It's seems that in the past week i have cried more than i have in the past 3 months combined! When i stop and think about the tears, they fall into a few reasons/ catigories... so here they are nicely lined out:
Happy Tears. I love happy tears, mostly because; they're happy! But also the most common reason i cry happy tears is because God has in that moment whispered in my ear, spun me around, squeezed my hand or just looked at me and smiled. Last weekend was 180 Winter Camp at Wildhorse Canyon. Friday and Saturday night i had at least one of those moments each night.
Sad Tears. Not so fun. they make my contacts move around... they are hard to see through, and mostly the situations that cause them are hard to understand;
-My dad has been in Ghana for 5 weeks battling for a piece of paper! My mom came home to releave us here... but the weight of the situation with her husband and kids a million miles away still ways heavy on us. Then we think they are coming, and then they are not... but others are.
-I work hard and try to be wise, yet money/finaces are hard to handle.

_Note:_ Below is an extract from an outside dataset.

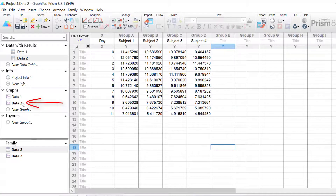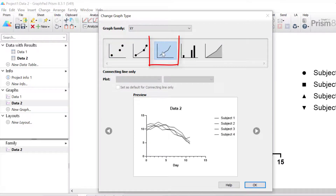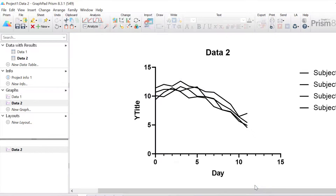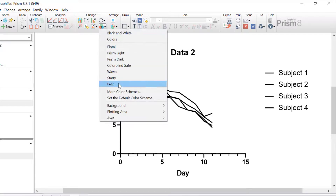I'm going to click on the connected graph sheet in the left hand window, and this time with the X, Y graph selected I'm going to select the connecting line only option and then click the OK button. This is the basis of our new spaghetti plot. Again it's in black and white, so let's quickly add some colour by going to the change colours option at the top and selecting the pearl theme.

-I drive carefully and take car of my car, yet the Check Engine light still comes on and nearly makes me want to scream!
-I see students love God, feel Him close, hear His voice; and they still get tricked by the enemy. They still trade the Joy of the Lord for the cheap thrills of this world.
-I go the extra mile, and still fall short.
-I wait (sometimes patiently) and still see nothing.
-I go to buy milk, and lock my keys in my car.
Last night it was the keys locked in my car that put me over the edge. I lost it. right there in the Westside Safeway. Tears. Sad Tears. This past month has been so overwhelming. And the silly keys locked in the car were the last straw. Praise the Lord for an amazing friend(and roommate) who found my extra key in my desk and came to my rescue... and sat and prayed with my while i cried.
As i drove back to the house i am sitting(along with 4 kids and a dog). I cried. I turned the music loud and sobbed and cried out to God. I prayed so hard that my parents and new siblings would all come home together; and they didn't. I save and save and save; and still the bills are hard to pay. I pray over my car and thank God for it; and it still costs money. I cry out for students to turn back to God and they only cross their arms and frown. I go the extra mile and i still fall short. I wait and pray, and reach out for wisdom, i run after righteousness and still i feel forgotten. I go to buy milk and i lock my keys in my car.
I cry. i let the tears hit the floor. I sniffle and sob. And then i realize...
I AM. HE IS.
He hears my crys.
He catches my tears.
He whispers my name.
He heals their hearts.
He knows my thoughts.
He waited for me.
He loves my heart.
He pours out.
He squeezes my hand.
He unlocked my life.
He IS. i am not.
He is the great I AM.
After tears uncontrolable. He whispers to me;
"Get my perspective. See what i see. Look beyond your small circle and see My heart. I know what's ahead. I know your desires, i see your needs. I AM and I will."
and so i look. I look ahead. I press on. I fall back on my knees i pray one more prayer. and i strain to get God's perspective. His persepective makes weeks feel like days and months feel like weeks. His perspective, makes the reward of waiting sweeter than a popsicle on a hot summer day. His perspective unlockes my life once again.
Tears. This time of happy-aweness. I'm in awe. I stand amazed. and the tears fall.